Calibration Sweep Program

The memory in the electronics subassembly 28 comprises a calibration sweep program that is executable by the processor to perform a calibration sweep operation, which comprises measuring the fluid pressure at multiple incremental positions of the motor across the rotor's rotational range, then assigning a rotor positional value to each incremental motor position based on the fluid pressure measured at that position. The calibration sweep operation can be performed whenever the rotor 60 is detected to be misaligned, or from to time to time to ensure that the rotor 60 is in proper alignment. The calibration sweep operation is carried out when drilling fluid is being pumped downhole under pressure.

The calibration sweep operation can be performed on both the first and second embodiments of the pressure pulse generator 30, i.e. on both the single and dual amplitude pressure pulse generators 30. A pressure sweep operation performed on the single amplitude pulse generator is shown in FIG. 8, and a pressure sweep operation performed on the dual amplitude pulse generator is shown in FIG. 9.

In FIGS. 8 and 9, the calibration sweep operation is applied to respective single and dual amplitude pulse generators 30 that are configured to operate in a dual direction oscillation mode across a rotational range of +/−30 degrees. When the processor executes the calibration sweep program, the motor is rotated through a series of rotational increments across the rotational range of the rotor 60 and the readings from the pressure transducer 34 are taken at each of these increments. The number of increments will depend on the position sensing resolution of the motor; some known motor designs comprise a Hall sensor in the motor which when coupled to 50:1 gearbox, for example, can provide a 0.6 degree resolution and which can thus identify 0.6 degree (or multiples thereof) rotational increments of the rotor.
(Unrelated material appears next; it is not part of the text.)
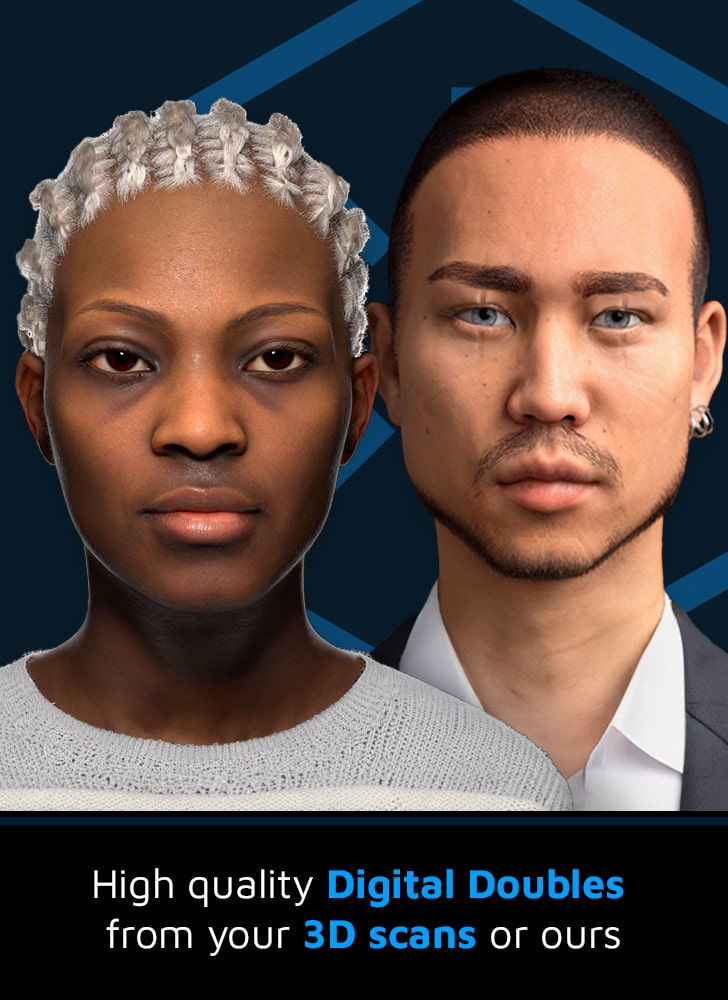 An african woman and an asian man, 3D characters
Referring to FIG. 10, after the motor is rotated to each new rotational increment (step 100), the motor is paused for a sufficient time period for the pressure transducer 34 to take a pressure reading at that rotational position (step 110). When the pressure reading has been taken, the motor is then advanced to the next rotational increment, and the pressure measurement is taken again. Since in this embodiment, the pulse generator is operating in a dual oscillation mode, the rotor is rotated through 30 degrees in both a clockwise and counter-clockwise direction in order to rotate the rotor 60 through its entire rotational range.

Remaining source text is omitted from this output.